Why don't we talk about the real reason voter IDs are important?

Heritage legal fellow Hans von Spakovsky and John Fund point out today in the Wall Street Journal that throwing out voter ID laws in Texas, Wisconsin, and North Carolina won't help minorities in those states.

The Supreme Court said in 2008 that voter ID laws are not unconstitutional and do not make voting harder for minorities. And yet three federal courts subsequently have thrown out voter ID laws in these three states. The three rulings are based on false readings of the Voting Rights Act, designed to halt racial discrimination in voting.

Von Spakovsky and Fund write:

The basic charge is that these state laws were intended to, or would have the effect of, preventing voters, particularly minority voters, from casting ballots.

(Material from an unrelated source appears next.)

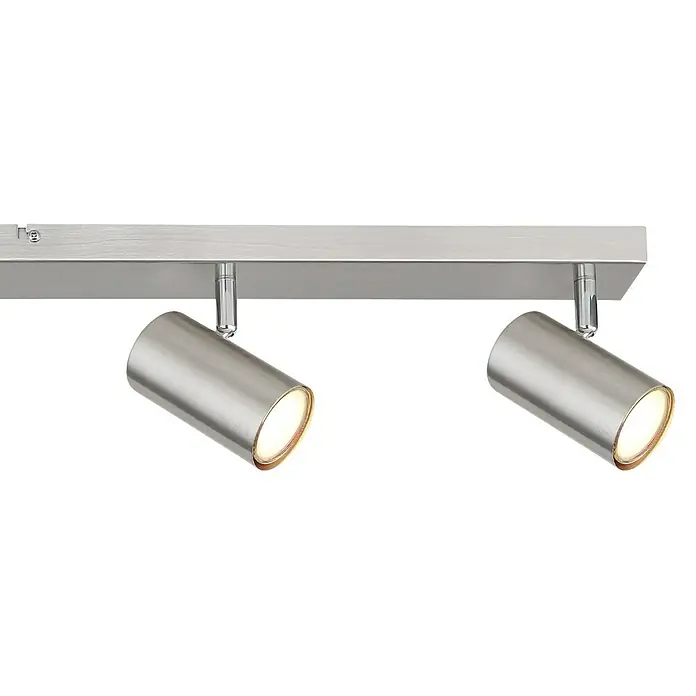 Globo Deckenstrahler Robby - 35 W, L x B x H: 115 x 6 x 12 cm, Grau, GU10 - Zwei silberne LED-Strahler an einer Schiene, die modernes Design und Funktionalität für eine gezielte Beleuchtung kombinieren.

Yet as[Fifth Circuit Court of Appeals Judge Edith Jones, who wrote a dissenting opinion] said, “despite extraordinary efforts to find voters ‘disenfranchised’ by [the Texas law], the DOJ could not uncover any, and no representative of the plaintiff organizations found any of their members unable to vote” because of the law.

The same is true in North Carolina. The Justice Department was contesting that state’s voter-ID law, the elimination of same-day registration and out-of-precinct voting, and the state’s limiting early voting to “only” 10 days. The plaintiffs, in addition to failing to produce witnesses unable to vote because of these changes, produced no voter-turnout information to support their false claims. The actual turnout data show that voters were not kept out of the polls by any of these requirements.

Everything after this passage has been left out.